Look for the line containing "Fahrzeugabbildung Hyundai KONA" in the entries below, then print that line and all that follow it exactly.

• [Dataset entries]:
◆ ◆ ◆

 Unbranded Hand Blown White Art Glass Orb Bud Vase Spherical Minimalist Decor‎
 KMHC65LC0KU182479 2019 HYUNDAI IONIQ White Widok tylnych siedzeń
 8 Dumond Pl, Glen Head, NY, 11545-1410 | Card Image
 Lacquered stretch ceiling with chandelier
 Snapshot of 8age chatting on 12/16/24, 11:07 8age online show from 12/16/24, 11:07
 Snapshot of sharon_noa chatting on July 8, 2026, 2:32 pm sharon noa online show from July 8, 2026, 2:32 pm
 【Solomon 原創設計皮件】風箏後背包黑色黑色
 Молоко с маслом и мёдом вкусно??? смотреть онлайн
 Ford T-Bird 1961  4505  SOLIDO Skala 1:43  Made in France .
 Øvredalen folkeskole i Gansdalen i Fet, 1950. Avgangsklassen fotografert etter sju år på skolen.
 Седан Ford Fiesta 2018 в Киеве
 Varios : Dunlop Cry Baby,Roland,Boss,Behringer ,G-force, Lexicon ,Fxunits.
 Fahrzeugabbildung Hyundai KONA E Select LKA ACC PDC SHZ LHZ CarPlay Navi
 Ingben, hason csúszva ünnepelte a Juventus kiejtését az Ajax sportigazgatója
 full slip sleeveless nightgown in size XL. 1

◆ ◆ ◆

• [Exercise answer]:
 Fahrzeugabbildung Hyundai KONA E Select LKA ACC PDC SHZ LHZ CarPlay Navi
 Ingben, hason csúszva ünnepelte a Juventus kiejtését az Ajax sportigazgatója
 full slip sleeveless nightgown in size XL. 1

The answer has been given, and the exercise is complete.